Love and Loss
May 22nd of last year my grandpa passed away from a stroke… We buried him on May 24th just 2 days after his death… This was a major thing for me because up til this point I had never lost a loved one which I always considered a blessing considering I was 36 years old at the time…
363 days after my grandpa’s passing my grandma died from heart failure on May 20th (Monday of last week)… She literally died from a broken heart… My grandparents had been married for 58 years… She didn’t know how nor did she want to live in a world where he no longer was… Ironically we buried her on May 24th as well… Exactly 1 year after we buried him…
It’s been 9 days since she died and 5 days since we buried her… I am so lost… You see I was raised by my grandparents… There was no woman on this earth I was closer to or had a stronger bond with then my grandmother… She would simply need to think of me and I would call her… We always thought that was crazy but it just showed how strong our connection was… Now that she is gone…. I feel like a part of me is missing…

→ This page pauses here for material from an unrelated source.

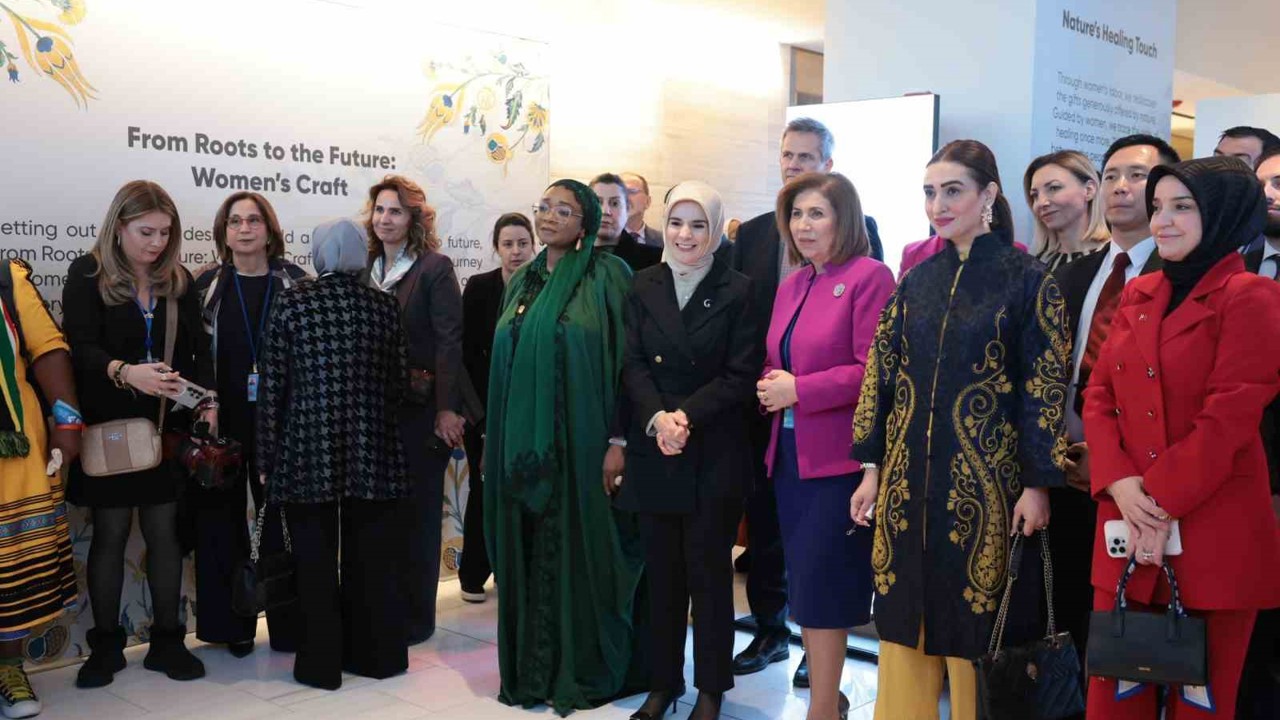 Aile ve Sosyal Hizmetler Bakanlığı ve Hepsiburada, Türk girişimci kadınların emeğini dünyayla buluşturdu
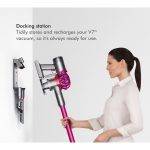 Dyson V7 motorhead + vacuum cleaner docking station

What is worse is it wasn’t a quick death for her like it was for my grandpa… She was on hospice for 6 months… For 6 months I had to watch the woman who was my heart and soul grow weaker… For 6 months I watched her fade away and suffer in pain… It was the longest 6 months months of my life…
I am grateful she is no longer suffering… I am grateful she is reunited with my grandpa… But I miss her so much it hurts me deep to my very core…
I have also lost all of my grandparents and I miss them every day and I often think I see them at different places and when I go by the streets where their homes were I think about them too. I don’t think the feeling abandoned ever goes away the suffering that they had will never be so that is a good thing, but the loss still hurts I know……I am so so sorry for your losses.